_Assignment:_
Could the data below be printed out exactly, with the pictures left out?

_Stored data entries:_
== Segment start ==
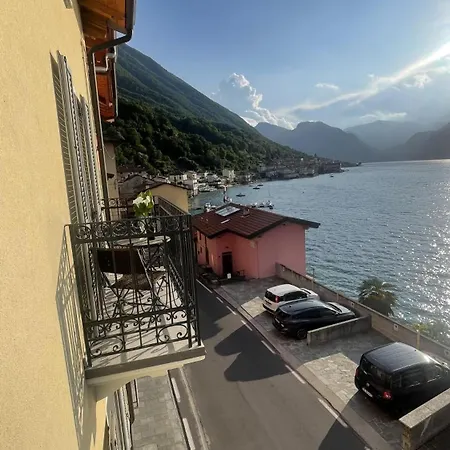 Appartement 2-Bed Apt With Stunning Lake Como Views & Terrace Lezzeno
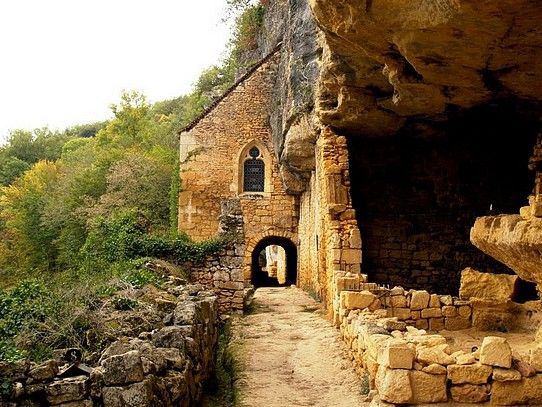 le village troglodytique de la Madeleine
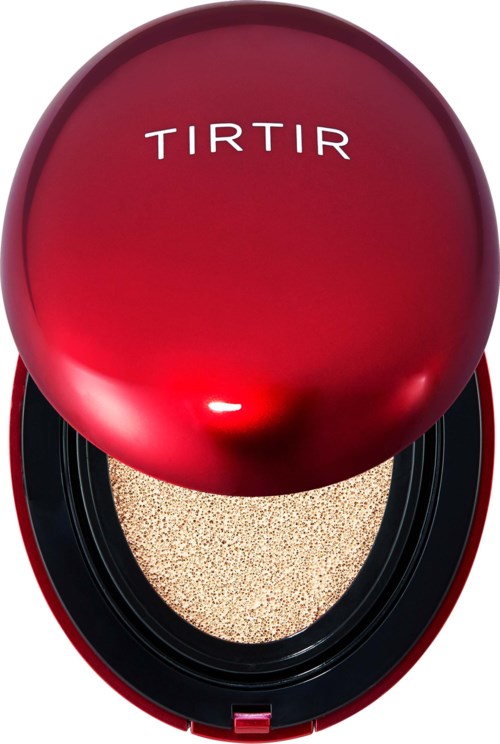 Glanzende rode compact met de naam TIRTIR bovenop, met een beige poeder erin.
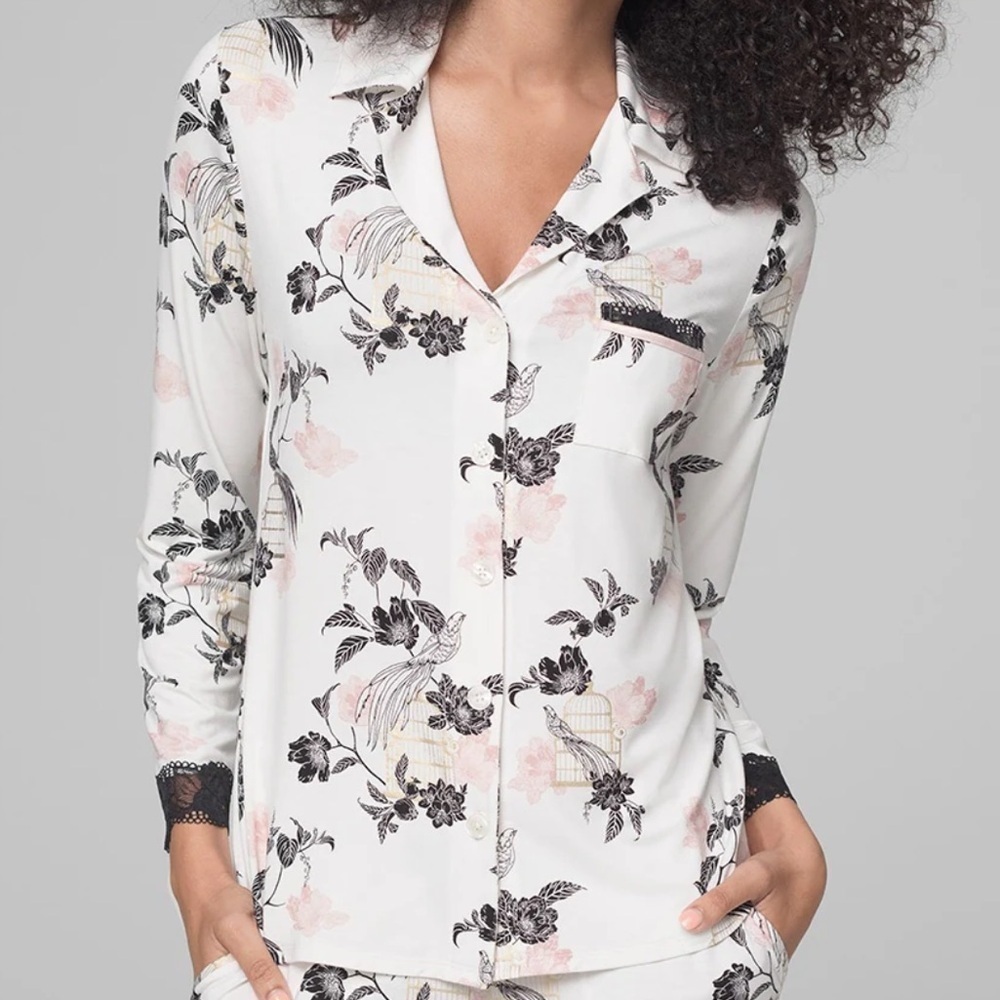 Soma Signature Lace Long Sleeve Notch Collar Pajama Top Majestic Birds Medium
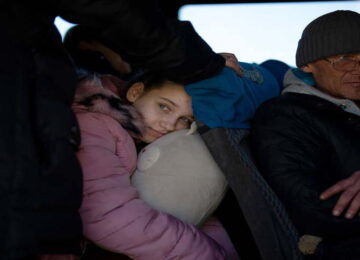 RÚSSIA DEPORTA UCRANIANOS DE KHERSON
== Segment end ==
_Final answer:_
 Appartement 2-Bed Apt With Stunning Lake Como Views & Terrace Lezzeno
 le village troglodytique de la Madeleine
 Glanzende rode compact met de naam TIRTIR bovenop, met een beige poeder erin.
 Soma Signature Lace Long Sleeve Notch Collar Pajama Top Majestic Birds Medium
 RÚSSIA DEPORTA UCRANIANOS DE KHERSON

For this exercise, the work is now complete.